Peter Richardson, General Manager, Emirates Driving Institute said in May, "We've looked quite closely at the level we are training at and whilst the delivery is good, it could be more specific in relation to thee dynamics and physics of the operation."
He added "There are a lot of health and safety issues that could and should be addressed, and we are very keen to bring them to the fore."
A viable alternative to a forklift could be a micro telescopic crane. One such company that sells these machines is Valla.
Carl Cooper, Importer, Valla said "These cranes are far more versatile than a small forklift on worksites. Our cranes are the only mini cranes that do not require outriggers allowing you to pick, carry and place heavy items. As they have a choice of wheeled or tracked chassis they are ideally suited to a variety of applications including machinery removal and relocations, general industrial lifting and construction site operations"
Another left-field choice for moving pallets of goods around is a walk-behind tracked forklift, nicknamed the 'Green Mammoth' by manufacturer Hinowa. A spokesperson for the firm said; "Since the traditional wheeled forklifts are only able to work on even, paved, concrete or asphalt surfaces it is easy to understand the big limits they have because they are only able to work in large squares."
Our new tracked forklift can access anywhere be it gravel, sandy, muddy, snowy or uneven ground and on downhill and sloping roads, with a load capacity of 2 tonnes in safety" he said.
So, if you need a lift in your day, now you know what to look for.
- he Overhead Guard - often referred to as a FOPS (for Falling Object Prevention System) by posts at each corner of the cab that helps protect the operator from any falling objects. On some forklift trucks, the overhead guard is part of the frame assembly.
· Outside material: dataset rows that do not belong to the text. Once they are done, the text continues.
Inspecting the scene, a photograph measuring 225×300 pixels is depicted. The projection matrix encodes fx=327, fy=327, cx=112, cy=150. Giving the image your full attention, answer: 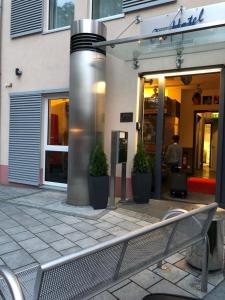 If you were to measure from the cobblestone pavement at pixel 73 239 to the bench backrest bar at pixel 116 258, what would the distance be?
57 cm

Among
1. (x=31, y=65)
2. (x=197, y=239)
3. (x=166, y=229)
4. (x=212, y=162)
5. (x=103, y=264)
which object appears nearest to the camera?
(x=103, y=264)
- The Power Source - may consist of an engine that can be powered by propane or CNG gas. More common in the very heavy sectors are machines that run on petrol or diesel fuel. Electric forklifts are powered by either a battery or fuel cells to provide power to electric motors.
- Tilt Cylinders - are hydraulic cylinders that are mounted to the truck frame and the mast. The tilt cylinders pivot the mast to assist in engaging a load.
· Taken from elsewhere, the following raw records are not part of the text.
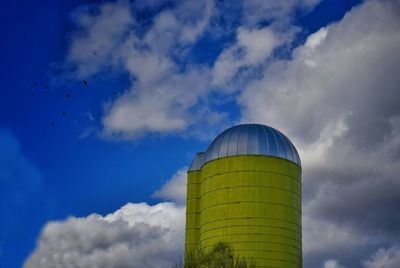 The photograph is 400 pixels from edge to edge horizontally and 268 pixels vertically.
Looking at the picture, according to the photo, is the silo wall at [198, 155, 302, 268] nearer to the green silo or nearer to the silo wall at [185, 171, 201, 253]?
the green silo

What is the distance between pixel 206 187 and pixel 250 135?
15.5 feet

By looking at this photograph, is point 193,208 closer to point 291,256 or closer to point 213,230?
point 213,230

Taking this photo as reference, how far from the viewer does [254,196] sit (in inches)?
1638

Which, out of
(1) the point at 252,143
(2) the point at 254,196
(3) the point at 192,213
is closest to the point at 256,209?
(2) the point at 254,196

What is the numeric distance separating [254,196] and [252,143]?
364 cm

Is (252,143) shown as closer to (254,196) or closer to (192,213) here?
(254,196)

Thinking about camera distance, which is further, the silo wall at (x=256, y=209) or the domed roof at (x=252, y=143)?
the domed roof at (x=252, y=143)

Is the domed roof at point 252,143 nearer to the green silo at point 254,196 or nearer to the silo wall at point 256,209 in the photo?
the green silo at point 254,196

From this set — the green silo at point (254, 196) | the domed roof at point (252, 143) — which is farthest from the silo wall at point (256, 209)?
the domed roof at point (252, 143)

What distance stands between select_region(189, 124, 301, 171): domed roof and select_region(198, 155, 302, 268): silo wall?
43 centimetres

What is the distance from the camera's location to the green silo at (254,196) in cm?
4116

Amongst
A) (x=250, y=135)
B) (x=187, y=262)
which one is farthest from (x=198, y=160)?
(x=187, y=262)

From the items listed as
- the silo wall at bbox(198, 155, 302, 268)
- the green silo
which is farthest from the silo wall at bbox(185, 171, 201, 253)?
the silo wall at bbox(198, 155, 302, 268)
- The Mast - is the vertical assembly that does the work of raising and lowering the load. It is made up of interlocking rails that also provide lateral stability. The interlocking rails may either have rollers or bushings as guides. The mast is either operated by hydraulics, by one or more cylinders or it may be chain operated with a hydraulic motor providing motive power. It may be mounted to the front axle or the frame of the forklift.
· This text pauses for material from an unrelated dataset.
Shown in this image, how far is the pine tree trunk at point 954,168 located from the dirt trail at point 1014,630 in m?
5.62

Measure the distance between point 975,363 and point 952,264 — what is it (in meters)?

- The Carriage - is the component to which the forks or other attachments mount. It is mounted into and moves up and down the mast rails by means of chains or by being directly attached to the hydraulic cylinder. Like the mast, the carriage may have either rollers or bushings to guide it in the interlocking mast rails.
- The Load Back Rest - is a rack-like extension that is either bolted or welded to the carriage in order to prevent the load from shifting backward when the carriage is lifted to full height.
- The Forks are possibly the most important component of the forklift. Without quality forks, the lift is not able to transport cargo efficiently. The forks, also called blades or tines, vary greatly from model to model. Most forks are made of steel. Forks differ in the amount of weight they can handle. Weaker model forks can safely lift 900 pounds, while heavy-duty forks are capable of lifting several tons. It is important to note that a forklift's weight capacity depends on much more than just the forks. The engine size and the strength of the lifting system also play important roles in determining how much a forklift can safely carry.